|Photos||Video & Audio||Blogs||Statistics||Archive||Shop||Mobile|
Nagraj Gollapudi in Dambulla
August 3, 2005
Sourav Ganguly wanted to celebrate his 10,000 runs with an Indian victory, but unfortunately for him he could celebrate only one thing - becoming the third man to get to the milestone after Sachin Tendulkar and Inzamam-ul-Haq. "I still don't understand how we could lose a game after having them at 95 for 6," he said, "Chasing 220 on a wicket which is not easy to bat on, so it's a huge disappointment."
Ganguly didn't agree that India were scoring at a slow rate in the early part of their innings. "It is not an easy wicket to bat on straightaway with the new ball as the ball stops and we had lost a few early wickets in the early part of the tournament. It was disappointing to not get a big score as when I open I look to do that and I was all set for today as it was a good platform to go and get a big score and push the team up."

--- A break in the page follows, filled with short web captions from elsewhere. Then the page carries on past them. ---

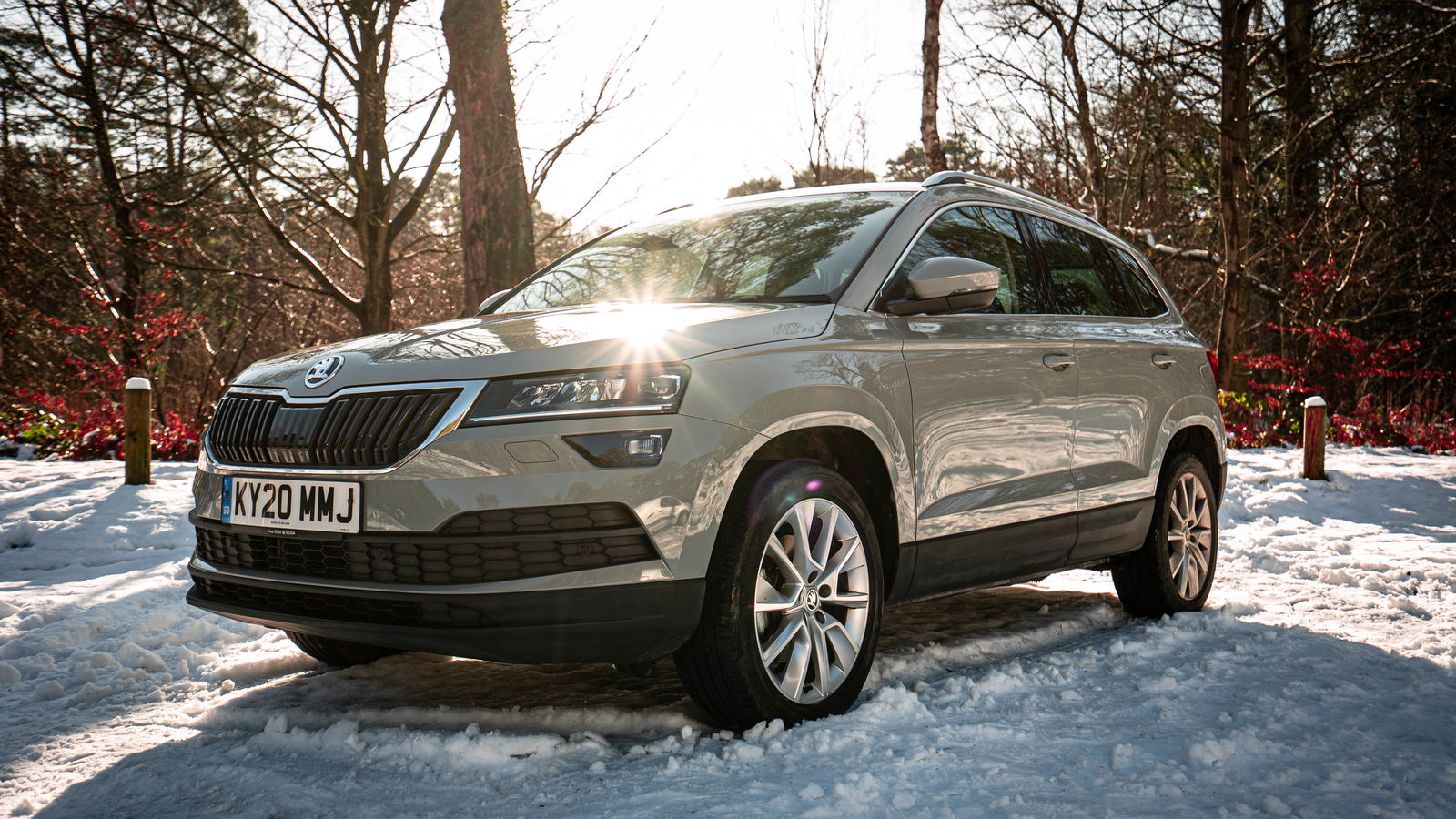 Why I Still Love My Skoda Karoq After 6 Months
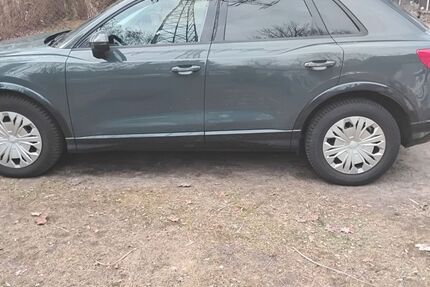 Audi Q3 98.000 km 24.590 &euro; Blankenfelde-Mahlow 15831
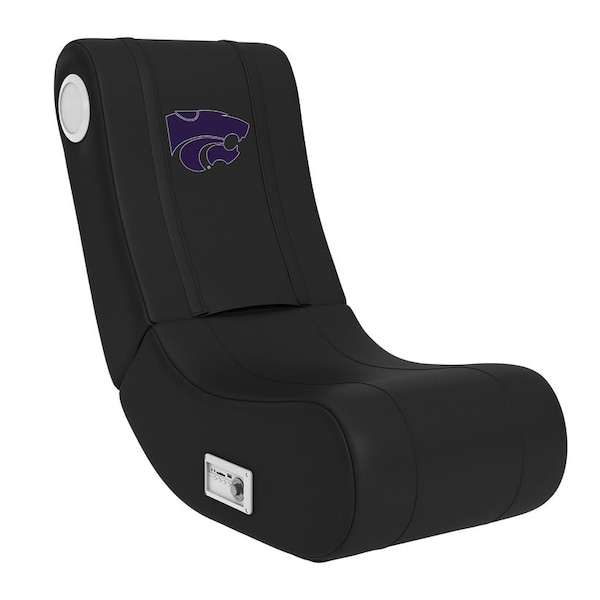 Dreamseat Game Rocker 100 with Kansas State Wildcats Logo - XZGARO100-PSCOL13071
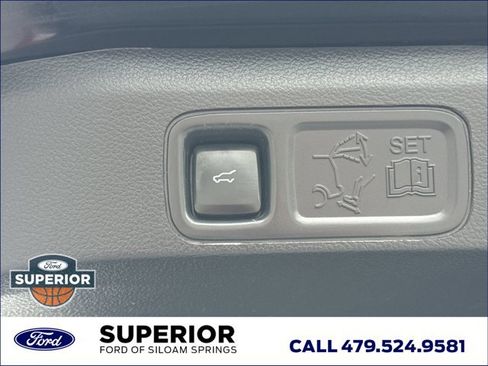 Used 2023 Ford Expedition Timberline AWD/4WD image 14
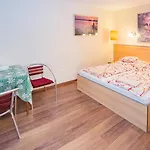 Mohacsi Guesthouse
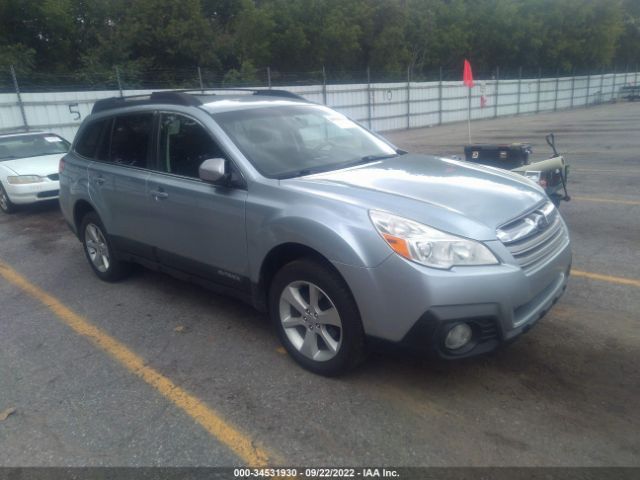 SUBARU OUTBACK 2013 4s4brccc7d3279002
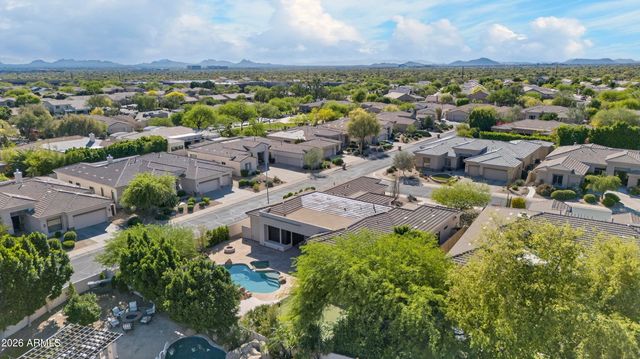 21057 N 74TH Way, Scottsdale, AZ 85255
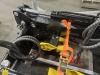 2025 Aboss Backhoe Drag Arms, Qty 2 - 6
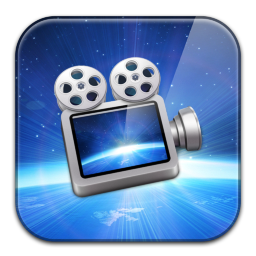 ScreenFlow 2 Icon 256x256 png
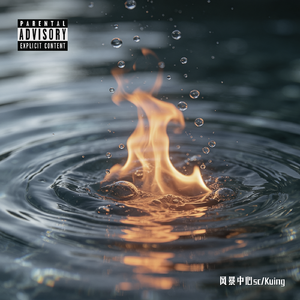 火热水深（Prod.Gr33nart Beats）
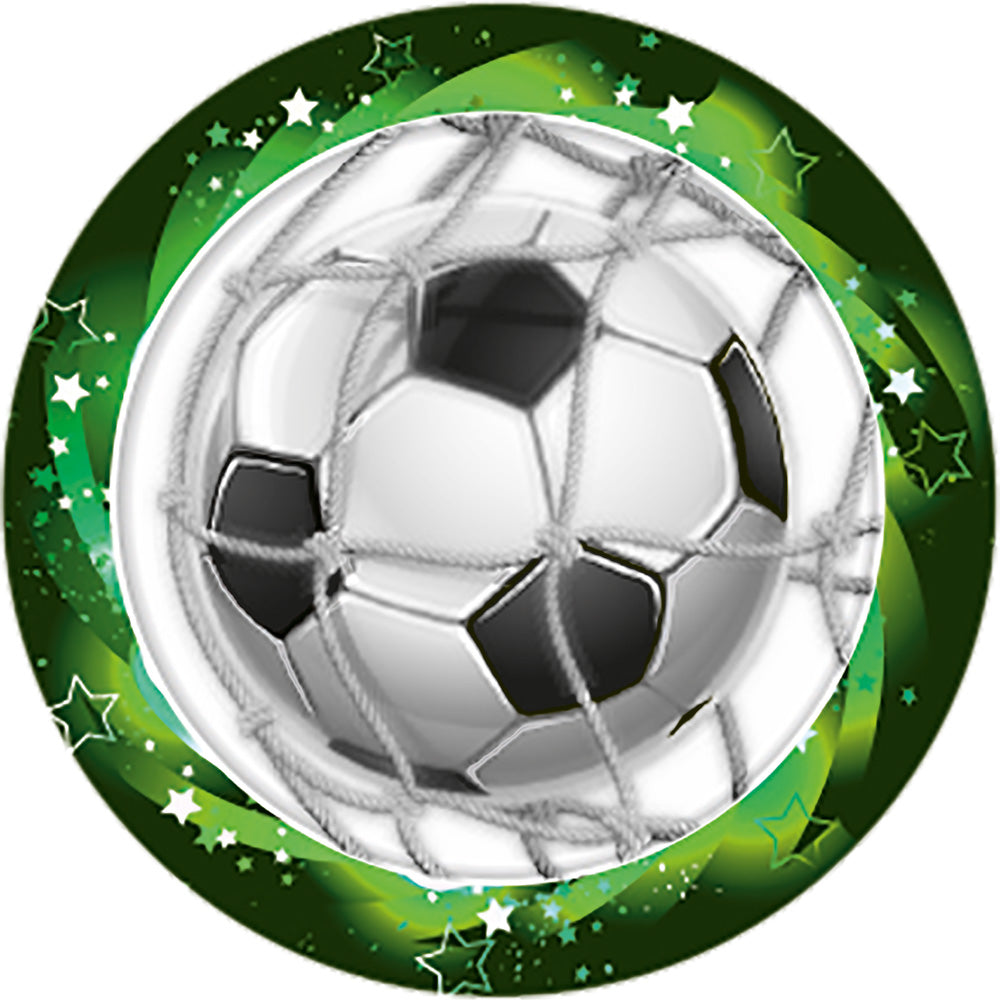 Football Medal Centre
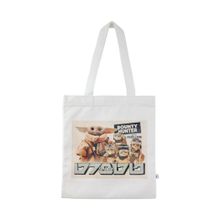 Product image of ჩანთა/Star Wars Collection Shopping Bag(White,Grogu)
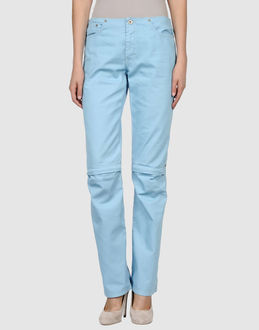 Dkny Jeans - Pantalons - Pantalons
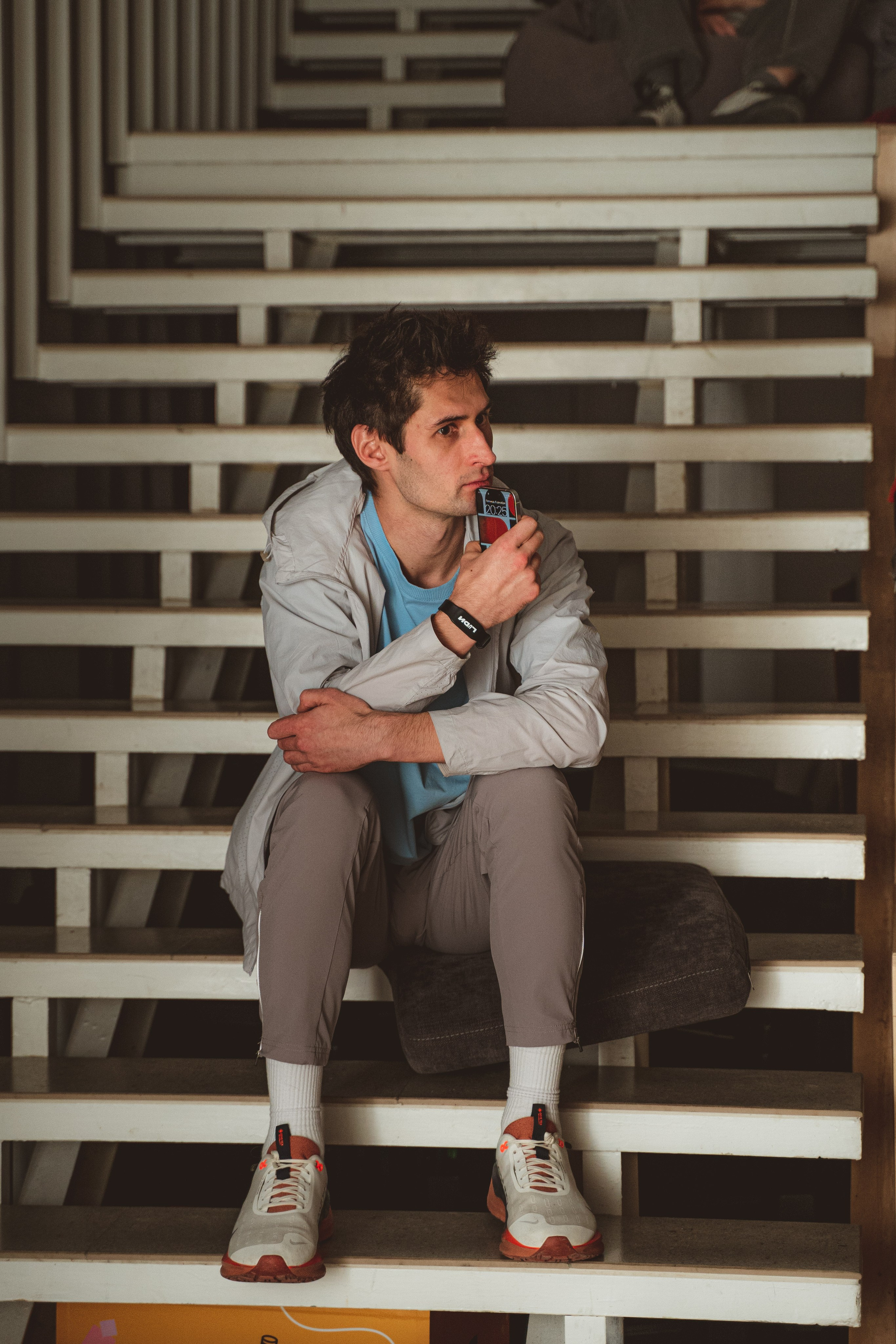 Квартирник в Ко-воркинге «Люди». Свадебный и репортажный фотограф в Уфе| Осетрова Ольга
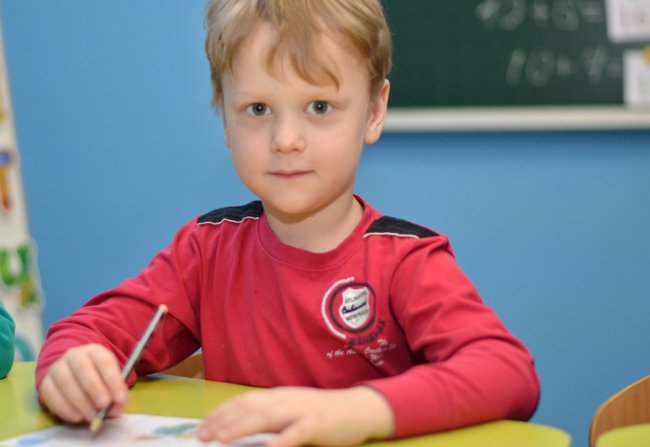 Клуб свідомого батьківства «Бджілка Майя» – там, де живе любов! ФОТО*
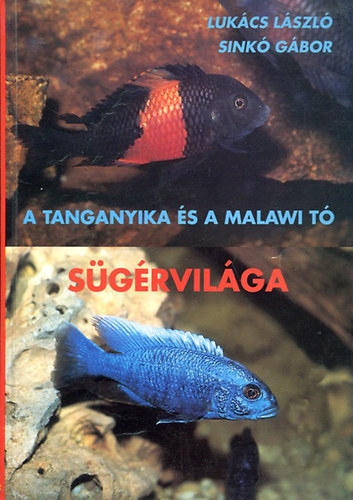 A Tanganyika- s a Malawi-t sgrvilga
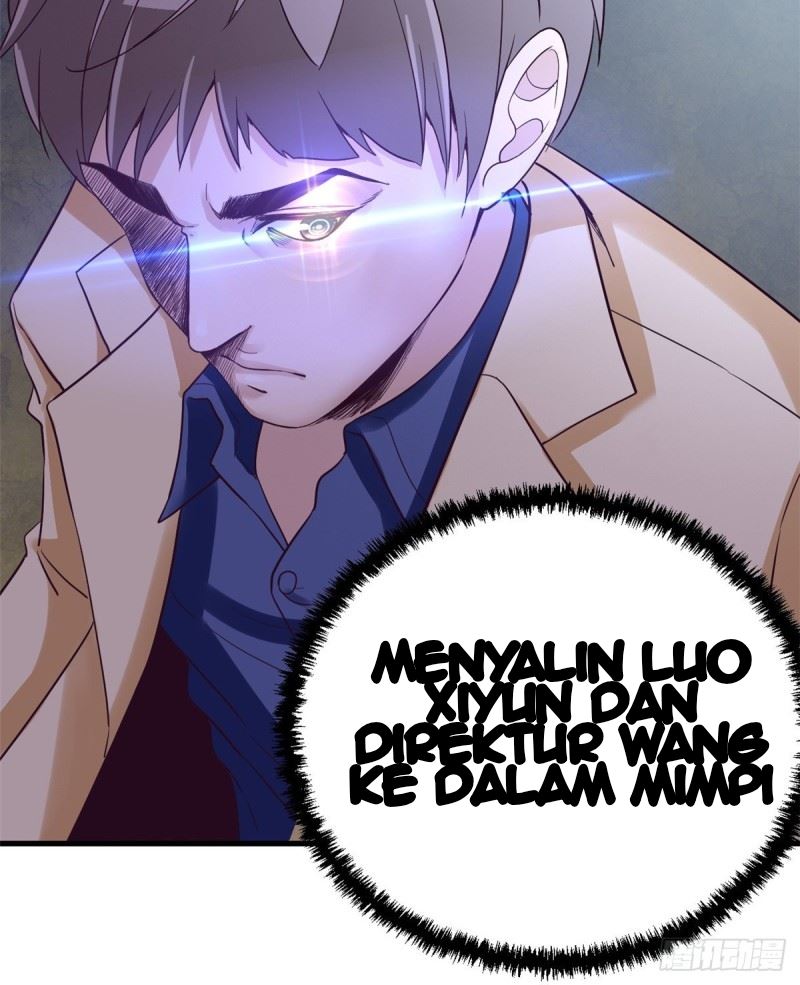 My Exclusive Dream World Adventures Chapter 01 Gambar 62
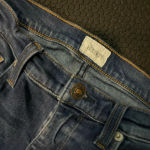 Hudson Jeans Hudson Nico Midrise Skinny Jeans Size‎ 26 Photo 3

Rahul Dravid, India's new captain, thought that the failure to convert good starts into big knocks was the biggest impediment facing the Indian batting order. "We weren't defensive, it's just that we weren't able to convert the starts," he said. "People who were set couldn't take it further. We fell a few runs short and it was due to Irfan's [Pathan] knock that we at least managed 220. But we need to convert our starts especially in the middle overs and some of the batsmen need to bat in the end overs."
Dravid didn't see anything wrong by bowling the in-form Nehra for his full quota because he had to break the Jayawardene-Upul Chandana partnership before it was too late. "We had to go for the killer punch and since Nehra had bowled well and had two overs left, I decided to bowl him at a trot. We needed the seventh wicket but that didn't happen."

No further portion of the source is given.